Pour le moment non car le film va sortir, mais les Africains sont enthousiastes car c’est un sujet qui les touche directement. Je m’attends à recevoir des critiques positives comme négatives en Europe. Le rôle du cinéaste est aussi de susciter des débats.

Est-ce que ce film dénonce également la vague de privatisations engagées par Patrice Talon depuis son arrivée au pouvoir il y a un an et demi maintenant ?

Le film n’a rien à voir avec Patrice Talon. Il faut le laisser aller à mi-mandat pour faire le point et voir ce qui a fonctionné ou pas. Pour l’instant, c’est trop tôt pour pouvoir émettre un quelconque jugement.

Quelle votre position par rapport au mouvement actuel de rejet du franc CFA par certains ?

Je suis à 100% pour le rejet du franc CFA et pour avoir une monnaie communautaire.
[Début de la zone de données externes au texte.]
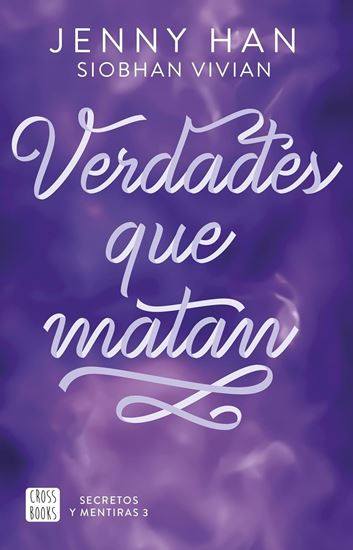Imagen de VERDADES QUE MATAN (SECRETOS Y MENT. 3)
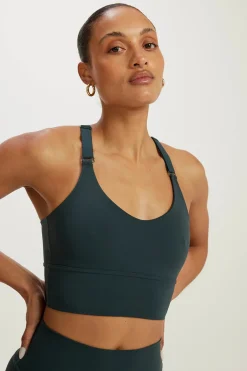 FenixLite Racerback Bra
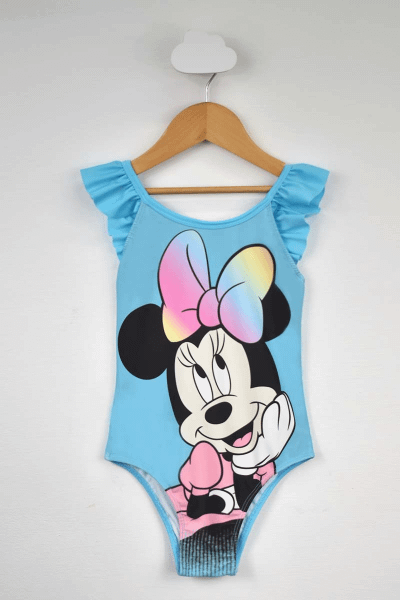 Malla enteriza - Lycra
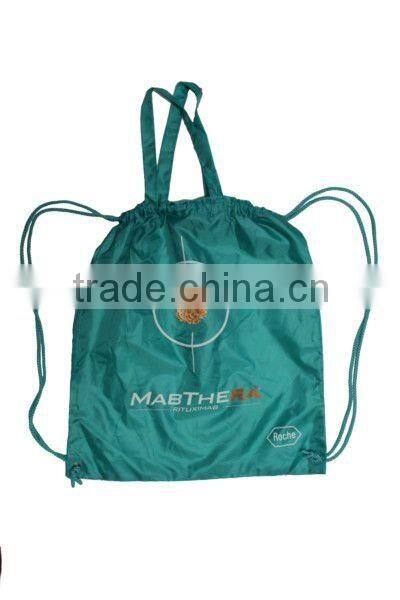 Dacron bag for promotion or shopping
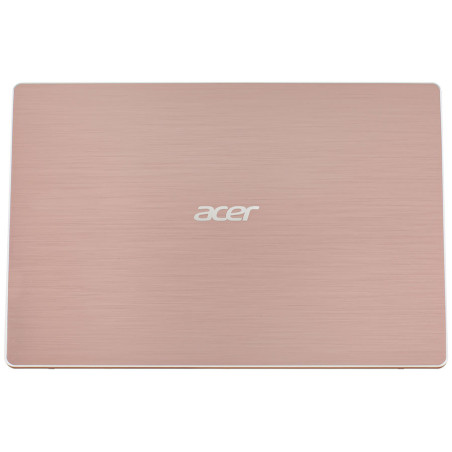 Кришка дисплея для ноутбука ACER AS SF314-54 SF314-58 pink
Je suis pour qu’on sorte de cette monnaie et qu’on ait la paix car aujourd’hui le trésor public français garde 50% de nos réserves de changes !

Vous êtes réalisateur, producteur, acteur et scénariste. N’est-ce pas difficile de porter toutes ces casquettes ?

C’est vrai que c’est très difficile, mais au départ ce n’était pas un choix. Un réalisateur a envie d’avoir un producteur qui finance et qui l’accompagne mais quand on n’a pas de producteur, on le fait. C'est un investissement. Mais aujourd’hui des acteurs comme Guillaume Canet et Josiane Balasko écrivent, jouent et réalisent le film.

La plupart de vos films traitent des sujets délicats qui montrent la beauté de l'Afrique mais dénoncent aussi les problèmes qui sapent le développement de ce continent. Quel est le message que vous souhaitez véhiculer ?

L’éveil des consciences. Mon message c'est : "Jeunesse africaine, prenez votre destin en main, c’est à vous de construire l’Afrique !" Je précise que ce n’est pas un film contre les peuples, car les Européens ne sont pas nos ennemis et on combat les mêmes personnes : les oligarques qui sont au sommet des Etats.

Quel regard portez-vous sur le cinéma africain ?

Il n’y a pas un mais des cinémas africains. Il faut que les dirigeants mettent en place des systèmes pour pouvoir financer les cinémas d’Afrique et qu’on puisse avoir l’indépendance. Car le cinéma c’est une arme, on peut l’utiliser pour éduquer les sociétés.